The inputs to the NN would have to encode the current hand, current and past boards, and all previous actions (of the current hand) of all players. What would the encoding be? If there are too many inputs there would be no generalisation so learning would be very slow. If there are too few inputs there would be error. I think the NN would find it difficult to extract the important features of unencoded inputs in any reasonable timescale.


Top
 Profile  
 
PostPosted: Sat Jan 06, 2018 3:25 pm 
Offline
Junior Member

Joined: Mon Sep 11, 2017 8:01 pm
Posts: 16
My thinking was to encode hand type (e.g. middle pair + flush draw), hole cards, our stack size, opponent stack sizes summary, pot size and very summarized betting history. For example, on the flop, preflop betting can be summarized as "3bet, we were the aggressor". The pot and stacks are needed because they can't be inferred from the betting history, because it's summarized.
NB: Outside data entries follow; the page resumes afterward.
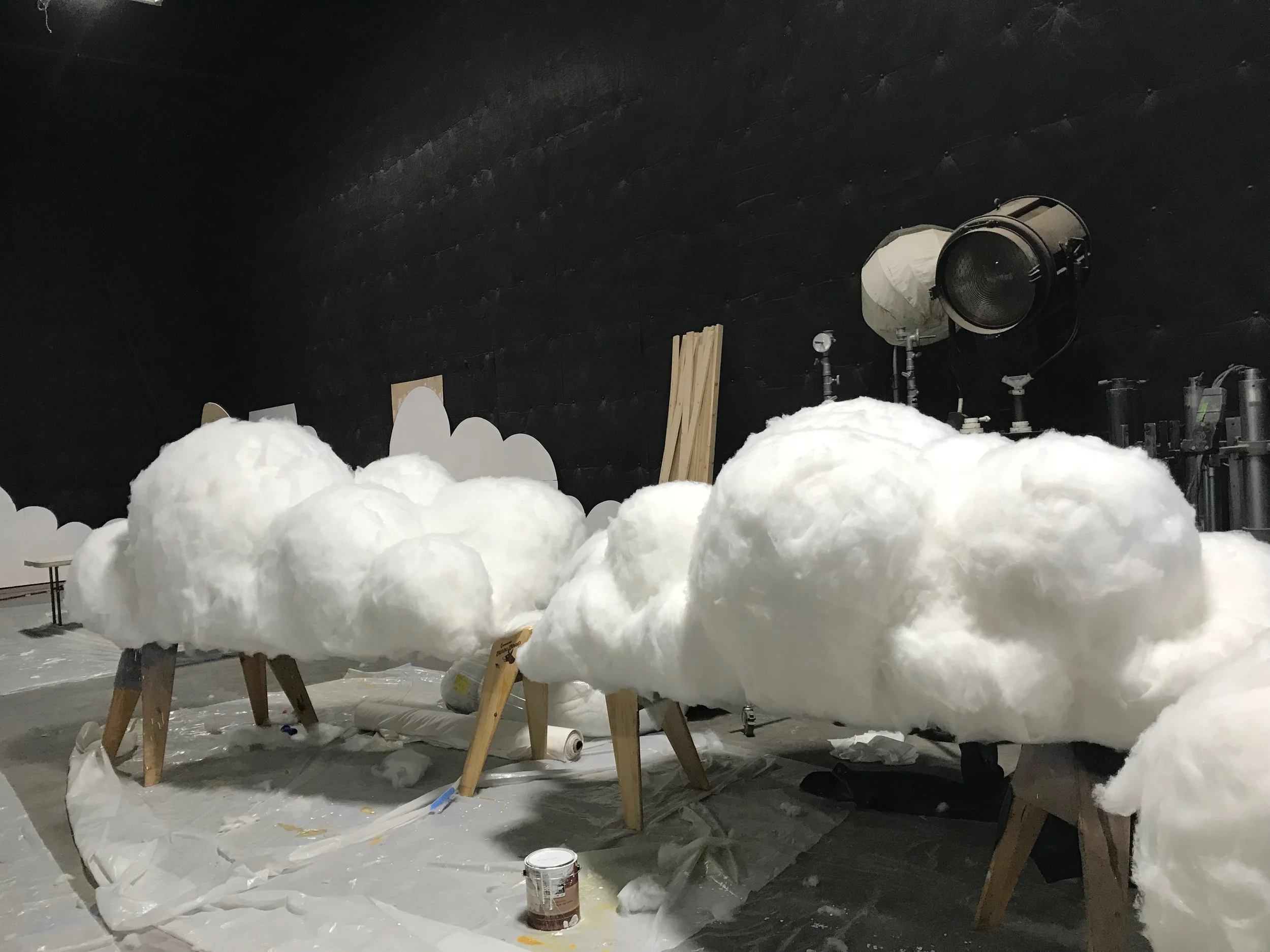 Warner Brothers, Smallfoot Yeti Village - paper mâché cloud fabrication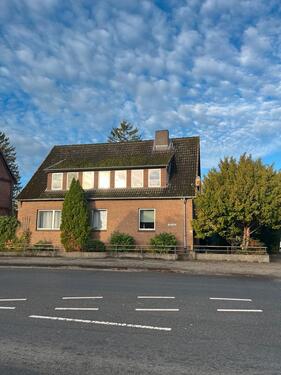 Foto - Zweifamilienhaus - 220.000,00 EUR Kaufpreis,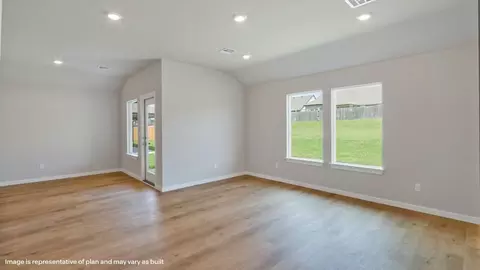 Living - 7515 N 154th E Ave, Owasso, OK 74055 photo 1 of 6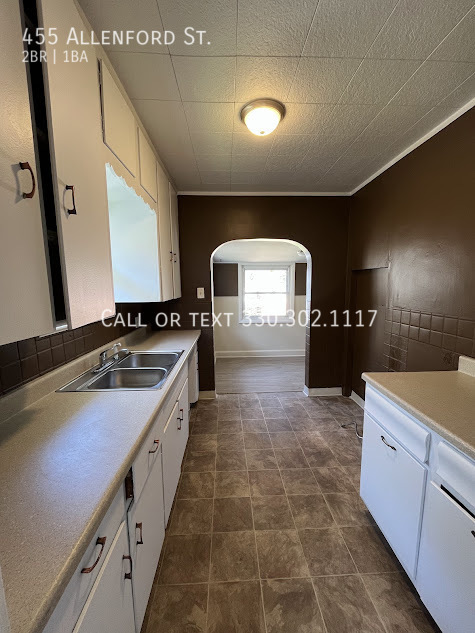 Foto del edificio - 2 Bedroom 1 Bathroom Home for Rent
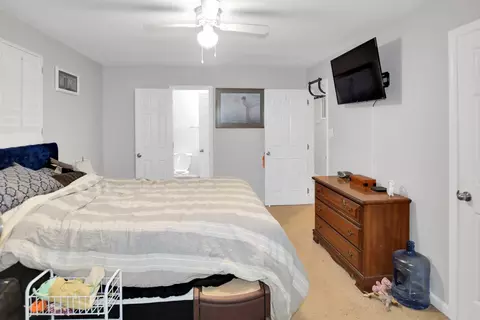 Bedroom - 6337 Dory Ct, Chesapeake Beach, MD 20732 photo 4 of 10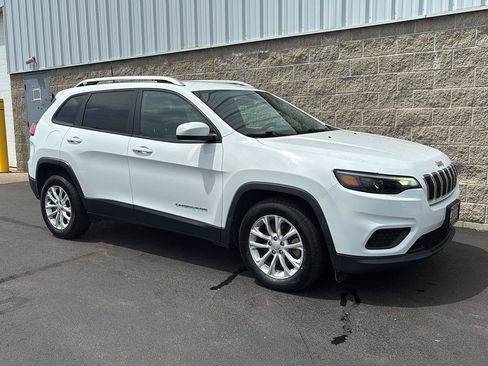 Used 2020 Jeep Cherokee Latitude FWD image 2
Anyway, I'm probably gonna go ahead with the approach of making a formula- or rule-based decision for every hand in my range. First form my raise range, then form a call range based on betsize, and finally the bluff range based on the number of value bets.


Top
 Profile  
 
PostPosted: Thu Jan 11, 2018 8:48 pm 
Offline
New Member

Joined: Thu Jan 11, 2018 8:35 pm
Posts: 3
maybe it could be possible.
but in my opinion, the CFR algo and value-based qlearning equal.
CFR focus on "how much you didn't get" while qlearning focus on "how much you get", they are almost the same.
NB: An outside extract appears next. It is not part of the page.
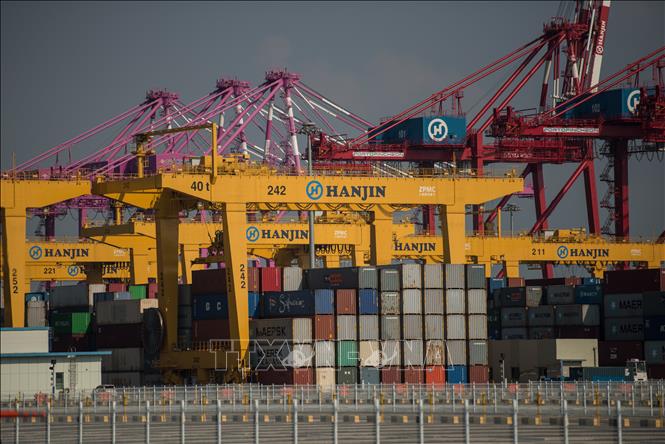 Container hàng hóa được xếp tại cảng Hanjin Incheon, Seoul, Hàn Quốc. Ảnh tư liệu: AFP/TTXVN
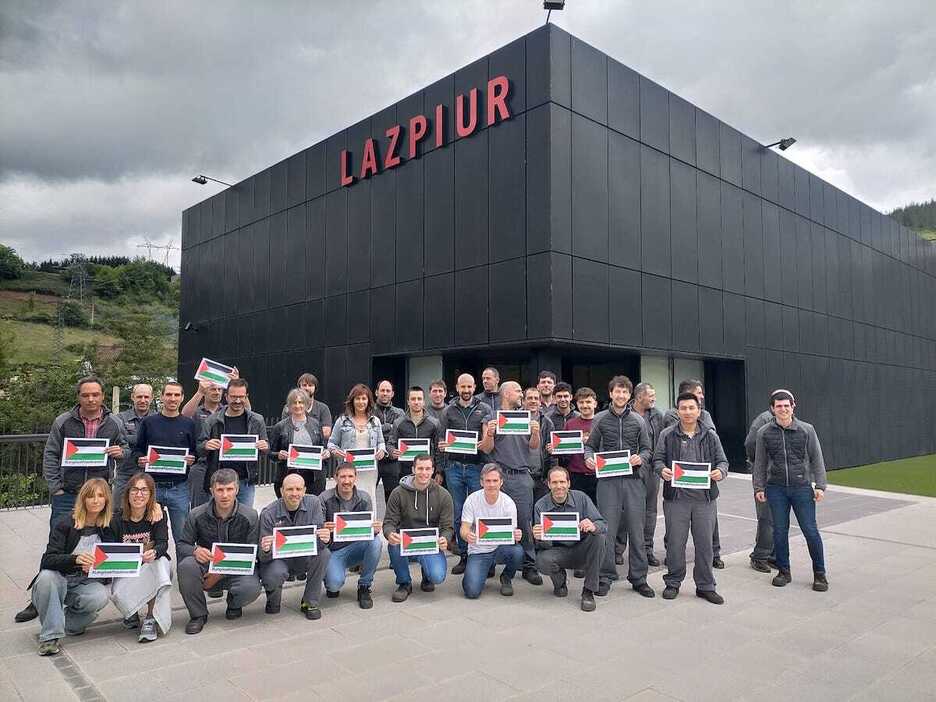 Los trabajadores de Lazpiur, de Bergara, también han salido de su puesto de trabajo para concentrarse.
i wonder how you would set a differentiable loss function so that the SGD based optimizers could work? the original CFR algo seems undifferentiable.


Top
 Profile  
 
PostPosted: Sat Jan 13, 2018 12:25 am 
Offline
Junior Member

Joined: Mon Sep 11, 2017 8:01 pm
Posts: 16
Quote:
i wonder how you would set a differentiable loss function so that the SGD based optimizers could work? the original CFR algo seems undifferentiable.


Not sure I entirely follow you. I imagine it could work like this. In every iteration:

1. Sample from the game tree, calculate regrets for each information set, calculate strategies matching the regrets. For example, we can have "with AA preflop, raise 100% of the time".
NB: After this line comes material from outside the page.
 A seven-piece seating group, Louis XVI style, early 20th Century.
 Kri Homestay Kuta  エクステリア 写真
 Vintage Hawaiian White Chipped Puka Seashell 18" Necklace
2. Do one training backpropagation step on the neural network(s). Let's say the neural network currently predicts "with AA preflop, raise 90% of the time". We say, "no, 90% is incorrect, the correct answer is 100%" and perform an update in that direction. So after the update, it might output "91%" for example, depending on the learning rate.

An important note is that the learning rate would be proportional to the counterfactual reach probability. This is similar to how regrets are weighted in CFR. That's the main idea behind this neural network approach. Intuitively, it seems that this could possibly work well, because it works for CFR.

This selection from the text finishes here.